I usually avoid Chinese food, mainly because aside from the ubiquitous deep fried component, it seems that every dish contains equal amounts of sugar and sodium, along with numerous mystery ingredients that weren’t clarified for me until I visited China – and I was a bit turned off.
It’s also interesting to note that American-Chinese food bears little resemblance to Chinese-Chinese food; I think there’s more sugar used over here for one thing.
However, I really love some of the spices used in Chinese cooking and when I unearthed this ancient recipe from my repertoire I decided to share it; not only is it very easy to assemble (plus a few hours of slow braising), it’s incredibly delicious.

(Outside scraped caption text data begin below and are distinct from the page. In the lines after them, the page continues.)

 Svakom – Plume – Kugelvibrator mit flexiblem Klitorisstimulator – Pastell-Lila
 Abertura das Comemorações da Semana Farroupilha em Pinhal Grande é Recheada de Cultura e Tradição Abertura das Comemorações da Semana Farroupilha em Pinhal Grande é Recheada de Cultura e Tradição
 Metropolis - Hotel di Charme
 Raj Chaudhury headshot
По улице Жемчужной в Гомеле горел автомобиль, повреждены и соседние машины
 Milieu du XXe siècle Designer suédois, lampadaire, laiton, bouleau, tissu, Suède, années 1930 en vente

If you don’t like anise (that includes anything fennel-tasting), then this tender beef pot roast is not for you. But I think it’s absolutely wonderful – serve it with plain boiled rice and some steamed bok choy.
There’s no MSG here, which makes me wonder why it was ever considered necessary in the first place.

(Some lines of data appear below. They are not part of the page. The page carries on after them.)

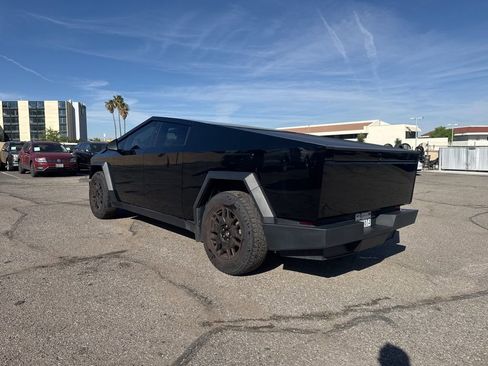 Used 2024 Tesla Cybertruck AWD Crew Cab image 5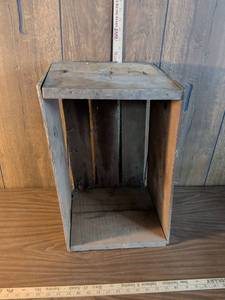 lot 156 image: Rustic Wooden Storage Crate is wobbly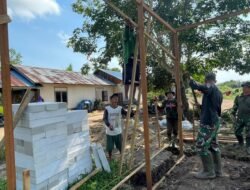 Sinergi TNI dan Pemda Perkuat Pembangunan Poskamling di Desa Tumih
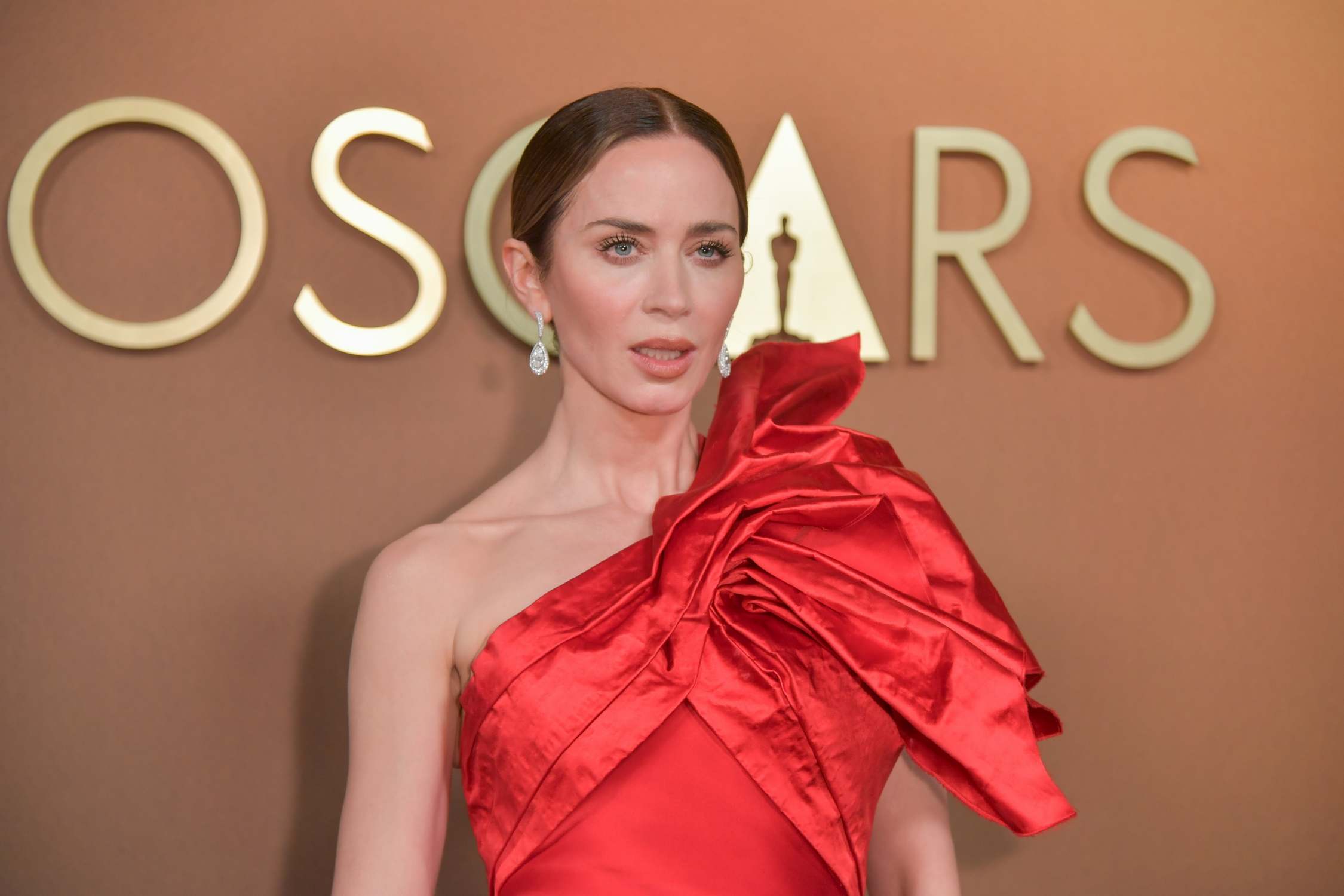 Emily_Blunt_-_16th_Governors_Awards_Los_Angeles2C_California_November_162C_2025_02.jpg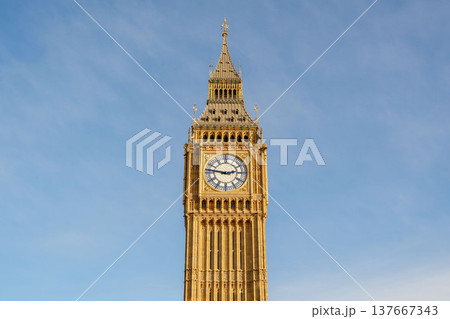ロンドンのビッグベンと青空の正面構図 ロンドンのビッグベンと青空の正面構図 137667343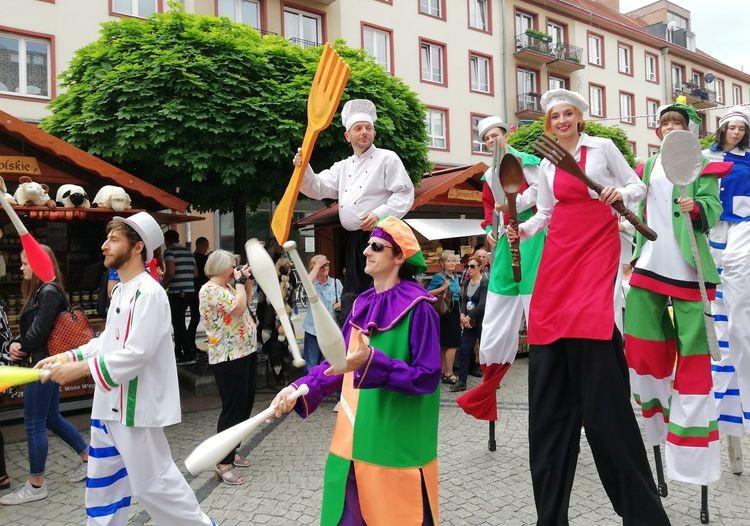 Parada kucharzy podczas Europy na Widelcu [ZDJĘCIA]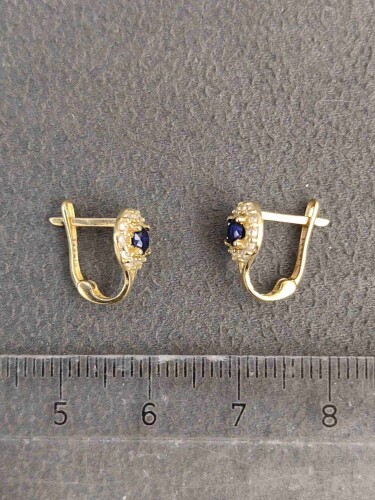 8 AYAR MAVİ TAŞLI ZARİF BEBEK ALTIN KÜPE - Görsel 4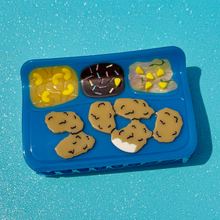 Load image into Gallery viewer, 90s Frozen Meal HAIR CLAW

ASIAN SPICED BEEF POT-ROAST
3lb (1.5k) beef pot roast
2 tablespoons of vegetable or peanut oil
1 1/2 cups (375ml) of water
1/3 cup (80ml) of low-sodium soy sauce
2 tablespoons of dry sherry
1 tablespoon of sugar
5 thin slices of peeled fresh ginger
1 whole star anise (or 8 broken sections)
A good grind of black pepper – at least 1/4 teaspoon
1 tablespoon of toasted sesame oil to finish, plus extra if needed
Pre-heat the oven to 325F (160C).
Pat the beef dry with paper towel and heat the oil in a large ovenproof pan or casserole pot that has a tight-fitting lid. Brown the meat on all sides turning it carefully, then transfer it to a large plate.
Discard the fat in the pan; return the pan to the stove top and add the water, low sodium soy sauce, sherry, sugar, sliced ginger, star anise and black pepper. Bring everything to a simmer then carefully place the beef back in the pan.
Cover it with a lid and stick it in the oven for 1 hour. After one hour, take it out and carefully turn the beef over in the sauce then put it back in the oven, covered, for a second hour. After 2 hours, take it out again and turn the beef over one more time. Return it to the oven for one more hour (if it looks like it needs more liquid, add more water).
After 3 hours the beef should be fork-tender. Take it out of the oven and sprinkle the sesame oil over the beef then simmer it uncovered on the stove top for about 10 minutes – add a splash more sesame oil if you think it needs it.
Transfer the meat to a carving board and tent it with foil to keep it warm while you strain the sauce, dumping the solids. Put the sauce back in the pan and simmer it gently while you slice the beef as thinly as possible.
Arrange the sliced beef on a warmed platter drizzled with some of the warm sauce.
Serve it with plain rice and some lightly steamed bok choy…offer the remaining sauce to pour over.